Subsistia um problema: após a saída dos militares spinolistas, a junta tinha agora apenas três membros (um dos quais, Rosa Coutinho, se encontrava em Angola), quorum insuficiente para se proceder à designação de um novo PR. Era preciso cooptar, pelo menos, dois e, depois, os cinco cooptariam mais dois, para fechar o elenco. Um processo moroso que não permitia uma decisão rápida. Mas Isabel Magalhães Colaço desataria o nó: numa situação de exceção e necessidade, qualquer órgão colegial estava habilitado a funcionar com três elementos. E estes tinham, portanto, toda a legitimidade para proceder à escolha, imediatamente. Bastava telefonar para Luanda e recolher o voto de Rosa Coutinho. Os outros juristas estavam de acordo. E Pinheiro de Azevedo, o outro militar presente, além de Costa Gomes, declarou: “Por mim, voto já no Costa Gomes. Se o Rosa Coutinho também o fizer, fica o assunto arrumado.” E foi assim que Costa Gomes foi eleito (com um voto por telefone, de caminho…), mantendo-se no cargo até 1976, com o País já munido de uma Constituição e com um sufrágio direto e universal. Seria, assim, António Ramalho Eanes o primeiro Presidente da República eleito pelos portugueses.

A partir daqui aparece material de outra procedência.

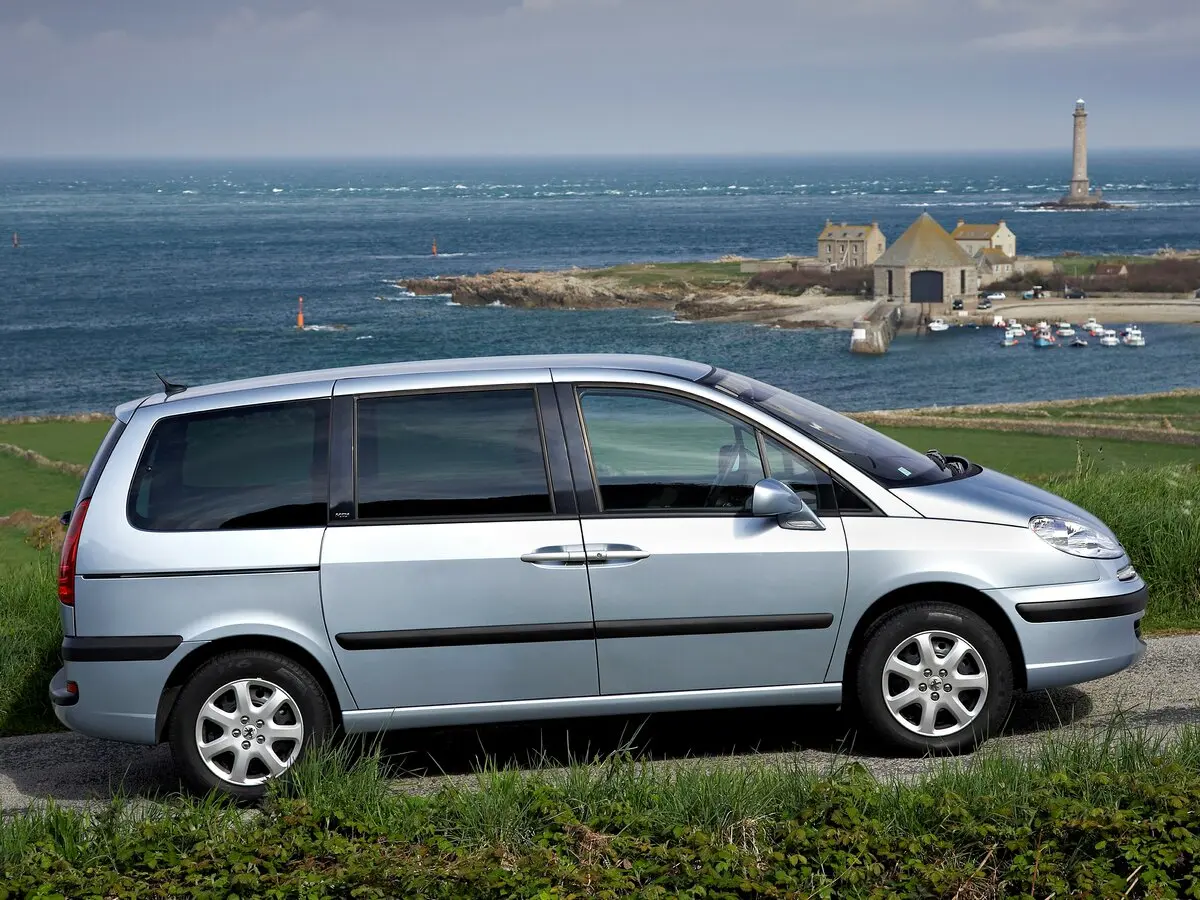 Peugeot 807 I Компактвэн — сүрөт 2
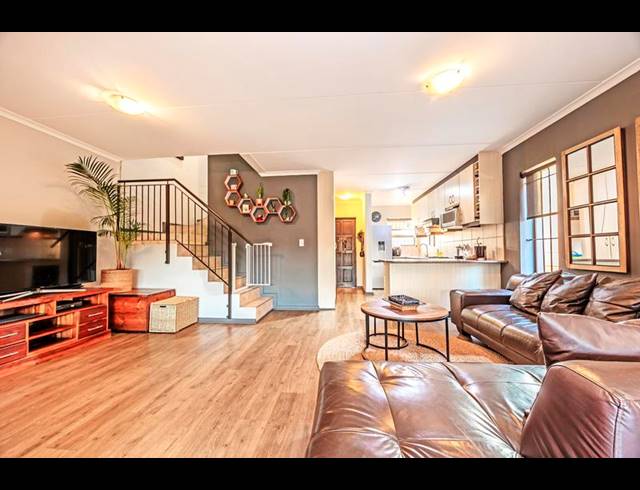3 BEDROOM TOWNHOUSE FOR SALE IN BRACKENFELL SOUTH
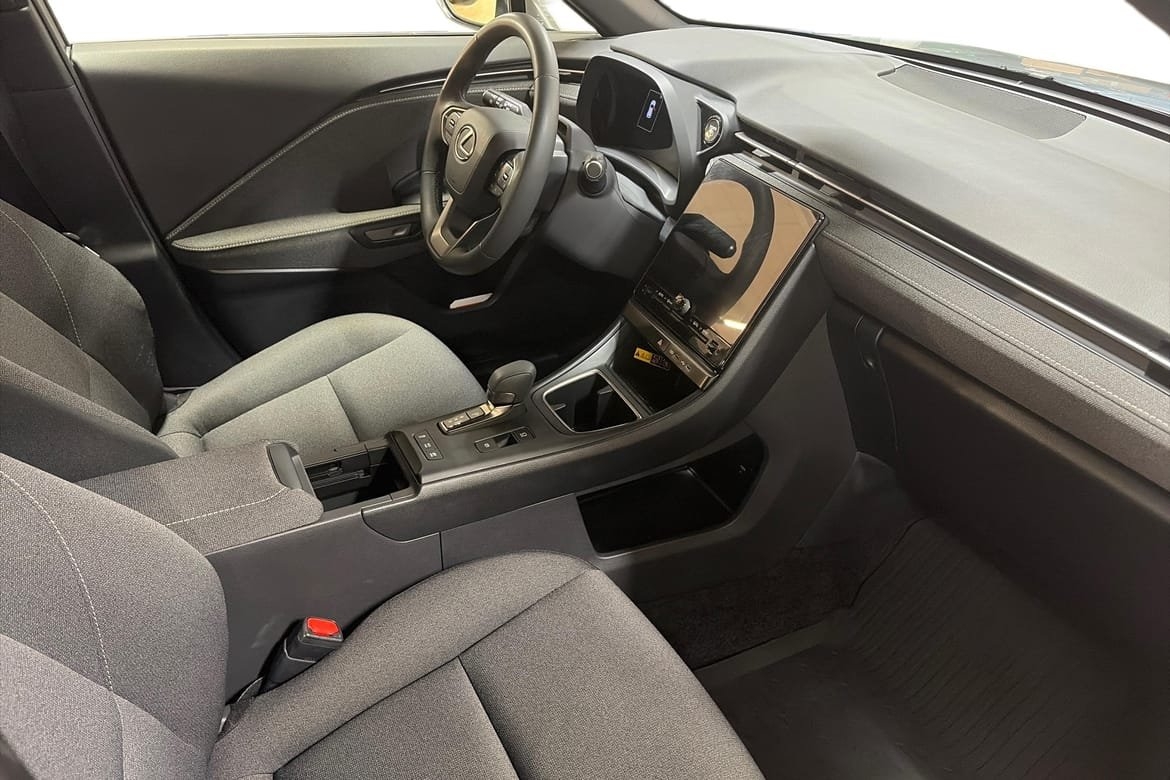 Lexus LBX 2026, bild 7/10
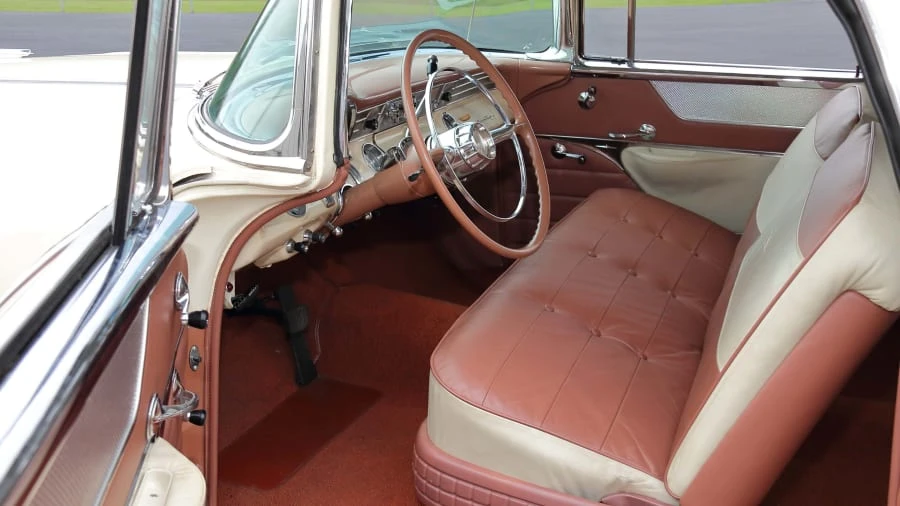 1956 Pontiac Star Chief - Image 4 of 22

Em jeito de epílogo, deve acrescentar-se que, naquele transe, o PCP tomou consciência da sua força: tinha parado uma capital, a maioria dos militares parecia estar nas suas mãos e uma manifestação hostil fora neutralizada. Vinham aí o 11 de março e o “verão quente”, principais consequências de tudo isto.
50 anos depois, o dia 28 de setembro, um sábado, será a data de uma manifestação contra os imigrantes, promovida pelo Chega – onde se acolhem vários antigos dirigentes do PP, do PL e de outras associações primitivas da direita radical, ainda vivos. Finalmente, a maioria silenciosa vai ter a sua manifestação. Ainda que, por enquanto, não passe de uma minoria ruidosa.
Quatro protagonistas
Os mais poderosos, em 1974
Spínola 64 anos, o militarão
Governador militar da Guiné, escreveu o livro Portugal e o Futuro, no qual defendeu uma solução política para a guerra em África. Nomeado vice-CEMGFA, foi demitido um mês antes do 25 de Abril. Primeiro PR da democracia.
Costa Gomes 60 anos, o diplomata
Comandante militar de Angola. Implicado no Golpe Botelho Moniz (1961) que pretendia derrubar Salazar. CEMGFA demitido um mês antes do 25 de Abril. PR entre 1974 e 1976, tentou ser um ponto de equilíbrio entre moderados e extremistas, contribuindo para evitar a guerra civil.

Vasco Gonçalves 53 anos, o idealista
Um dos oficiais mais graduados do MFA, chefiou quatro governos provisórios e foi o militar mais próximo do PCP durante o PREC e o “Verão Quente” de 1975.
Otelo 38 anos, o revolucionário
Discípulo de Spínola, na Guiné, fez uma deriva ideológica para a extrema-esquerda. Estratega do 25 de Abril, chefiou o poderoso COPCON, destacamento operacional do MFA no PREC.